● About this task
Within the lines below, the span from the line with "전라북도 임실군 오수면" to the line with "Câu đố dân gian vui, hài hước", both ends included, is to be reproduced exactly, with pictures omitted.

● Exercise inputs
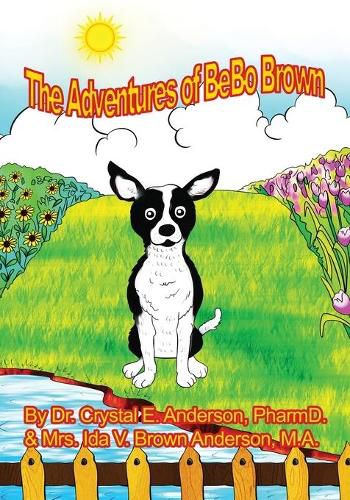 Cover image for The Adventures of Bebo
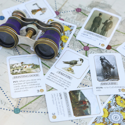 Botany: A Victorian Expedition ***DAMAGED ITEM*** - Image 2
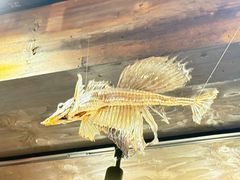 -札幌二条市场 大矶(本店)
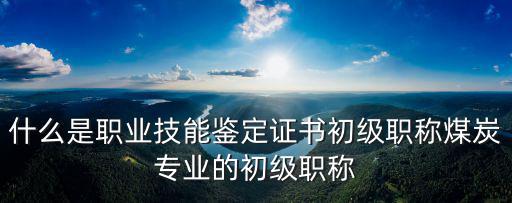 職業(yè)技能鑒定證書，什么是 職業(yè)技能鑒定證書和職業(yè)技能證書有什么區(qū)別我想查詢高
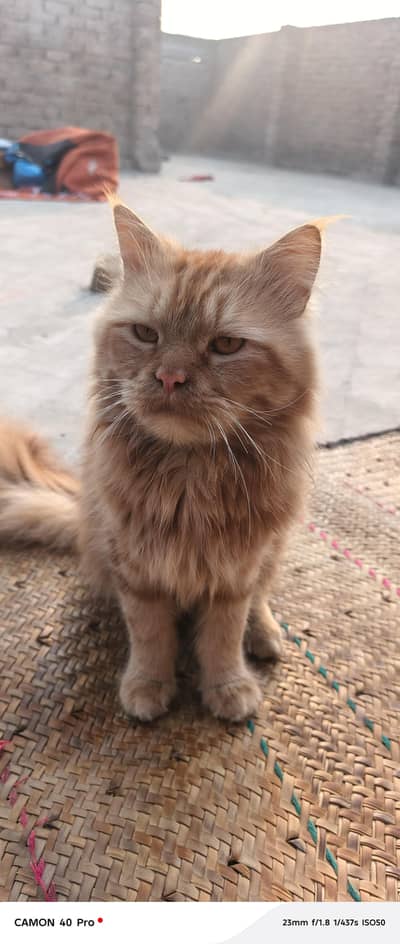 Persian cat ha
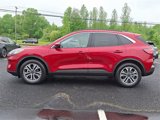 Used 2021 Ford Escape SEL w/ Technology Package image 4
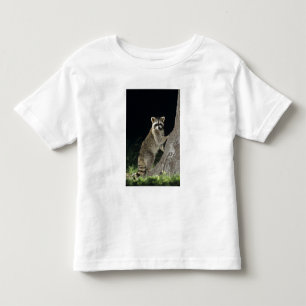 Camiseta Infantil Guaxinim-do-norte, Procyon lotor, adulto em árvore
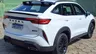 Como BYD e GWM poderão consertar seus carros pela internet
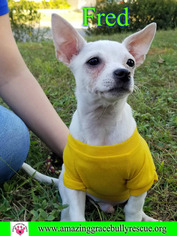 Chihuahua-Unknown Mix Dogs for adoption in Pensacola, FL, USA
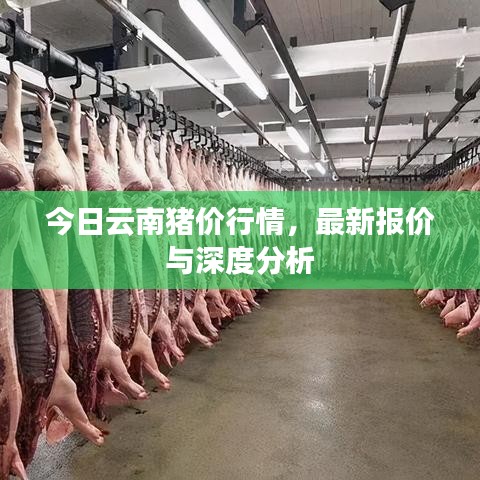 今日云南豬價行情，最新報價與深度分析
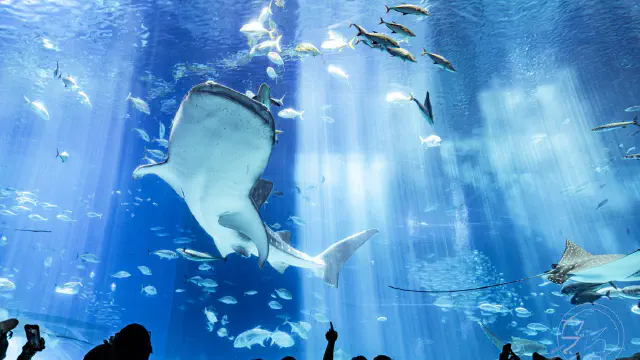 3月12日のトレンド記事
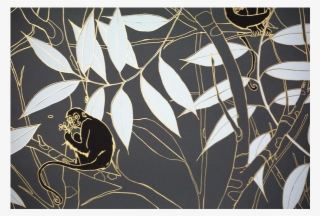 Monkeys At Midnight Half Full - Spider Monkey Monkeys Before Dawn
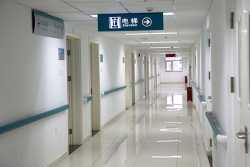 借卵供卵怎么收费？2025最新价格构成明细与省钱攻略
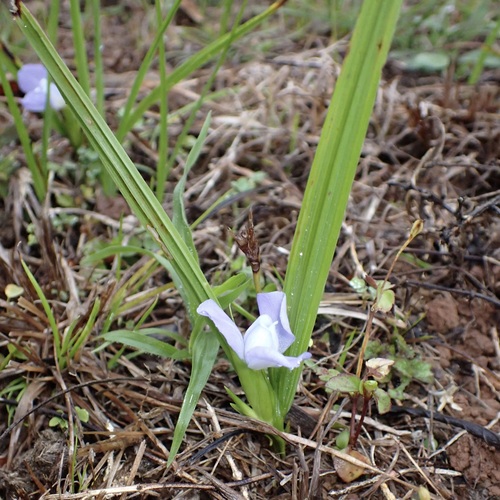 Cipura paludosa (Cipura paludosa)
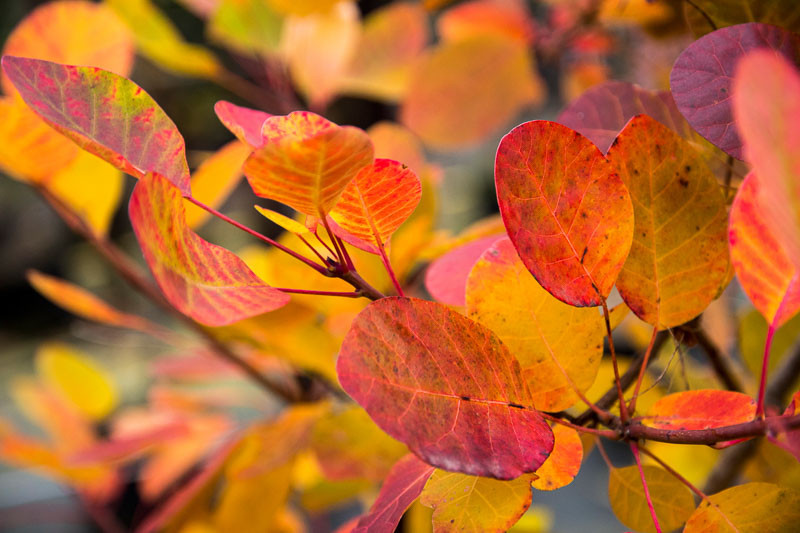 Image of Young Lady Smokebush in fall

...

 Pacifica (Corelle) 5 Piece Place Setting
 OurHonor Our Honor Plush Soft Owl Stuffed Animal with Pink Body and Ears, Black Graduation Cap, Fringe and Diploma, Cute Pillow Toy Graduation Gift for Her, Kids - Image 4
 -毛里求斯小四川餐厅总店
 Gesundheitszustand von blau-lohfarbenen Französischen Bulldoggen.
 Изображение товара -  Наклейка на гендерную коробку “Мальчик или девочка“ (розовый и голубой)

---

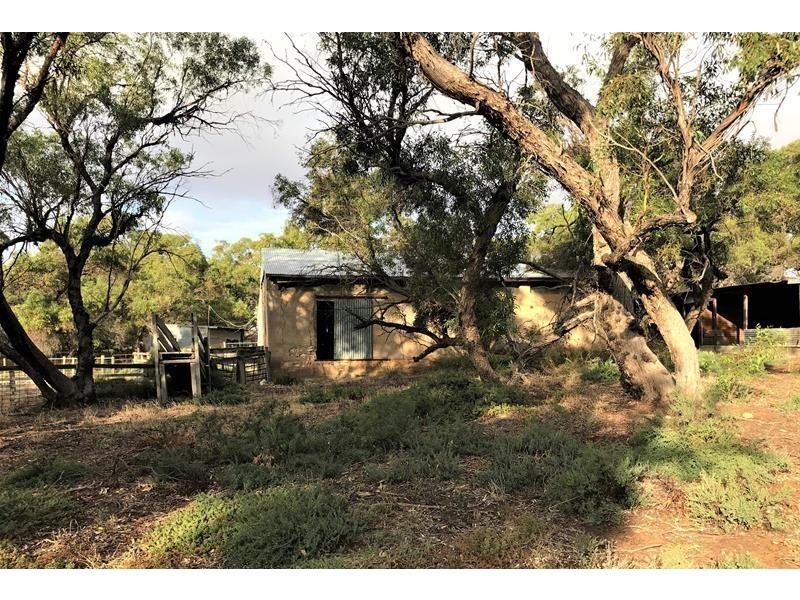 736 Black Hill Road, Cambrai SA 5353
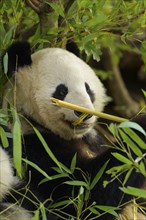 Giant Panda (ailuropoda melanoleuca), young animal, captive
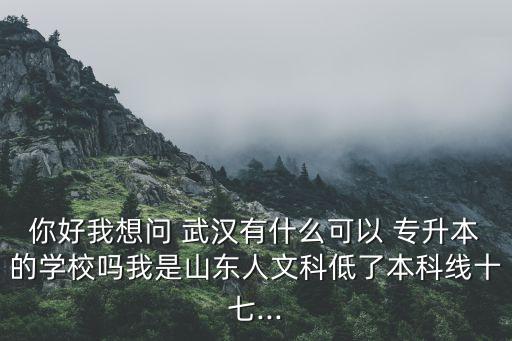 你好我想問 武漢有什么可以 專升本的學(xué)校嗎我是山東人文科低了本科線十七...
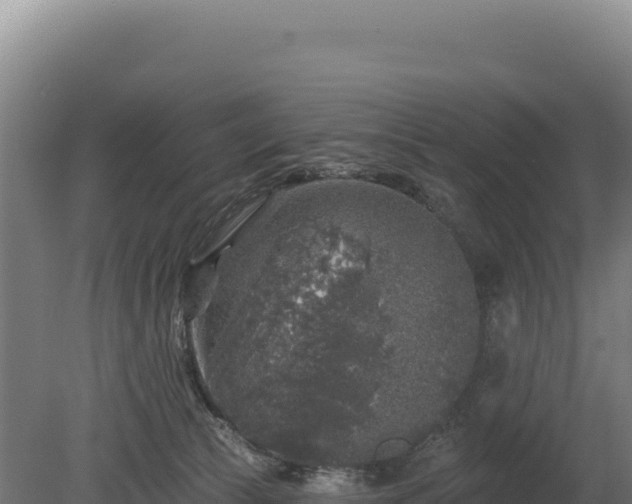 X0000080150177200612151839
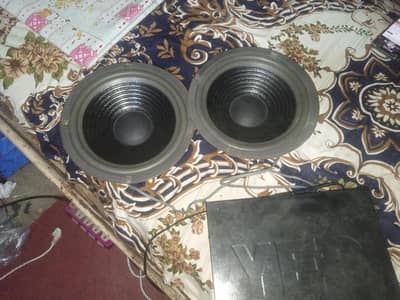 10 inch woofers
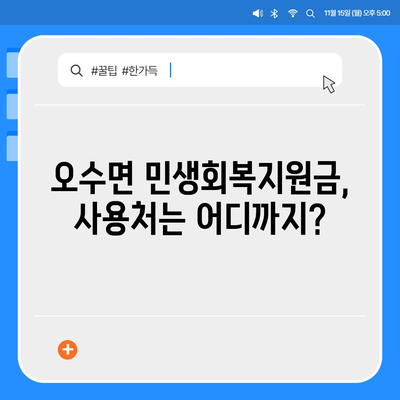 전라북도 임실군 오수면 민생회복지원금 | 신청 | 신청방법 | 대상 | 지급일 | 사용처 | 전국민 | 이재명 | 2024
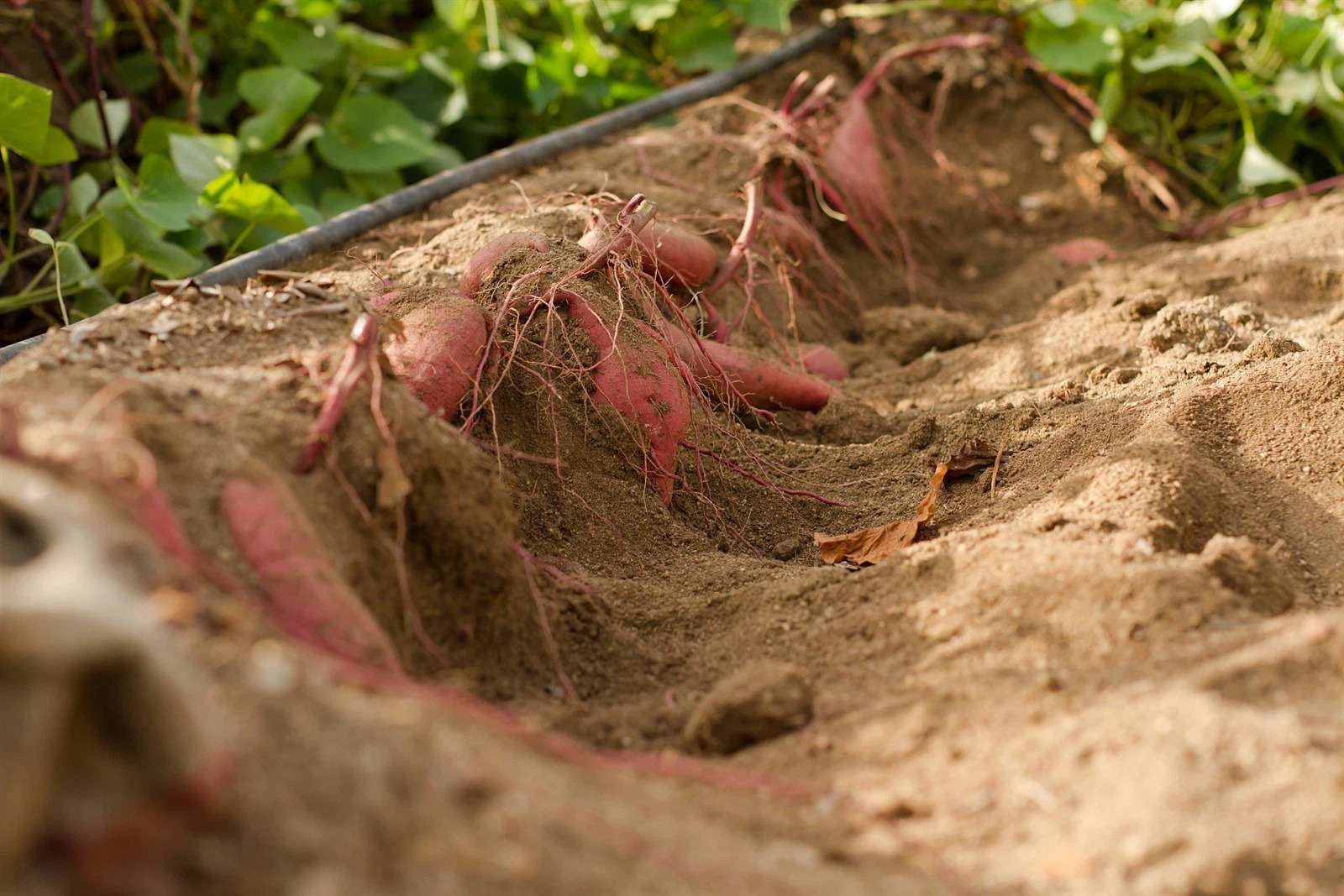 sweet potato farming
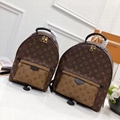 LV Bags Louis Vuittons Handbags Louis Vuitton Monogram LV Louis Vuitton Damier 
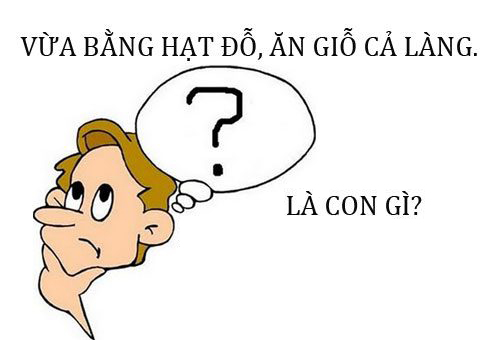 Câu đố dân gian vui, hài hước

● Finished exercise
 전라북도 임실군 오수면 민생회복지원금 | 신청 | 신청방법 | 대상 | 지급일 | 사용처 | 전국민 | 이재명 | 2024
 sweet potato farming
 LV Bags Louis Vuittons Handbags Louis Vuitton Monogram LV Louis Vuitton Damier 
 Câu đố dân gian vui, hài hước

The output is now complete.